## Problem requirements
Each line below from the one containing "thumbnail image 1" through the one containing "Image of Sun" should be output exactly as it stands, and no other line should appear.

## Exercise data
+ + + + + + +
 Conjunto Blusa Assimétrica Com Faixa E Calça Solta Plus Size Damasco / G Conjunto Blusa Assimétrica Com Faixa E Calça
+ + + + + + +
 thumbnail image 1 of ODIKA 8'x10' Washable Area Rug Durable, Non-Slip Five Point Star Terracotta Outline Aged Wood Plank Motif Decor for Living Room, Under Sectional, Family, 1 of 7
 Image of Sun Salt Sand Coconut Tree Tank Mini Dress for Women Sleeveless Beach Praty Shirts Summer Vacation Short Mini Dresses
+ + + + + + +
## Response to the exercise
 thumbnail image 1 of ODIKA 8'x10' Washable Area Rug Durable, Non-Slip Five Point Star Terracotta Outline Aged Wood Plank Motif Decor for Living Room, Under Sectional, Family, 1 of 7
 Image of Sun Salt Sand Coconut Tree Tank Mini Dress for Women Sleeveless Beach Praty Shirts Summer Vacation Short Mini Dresses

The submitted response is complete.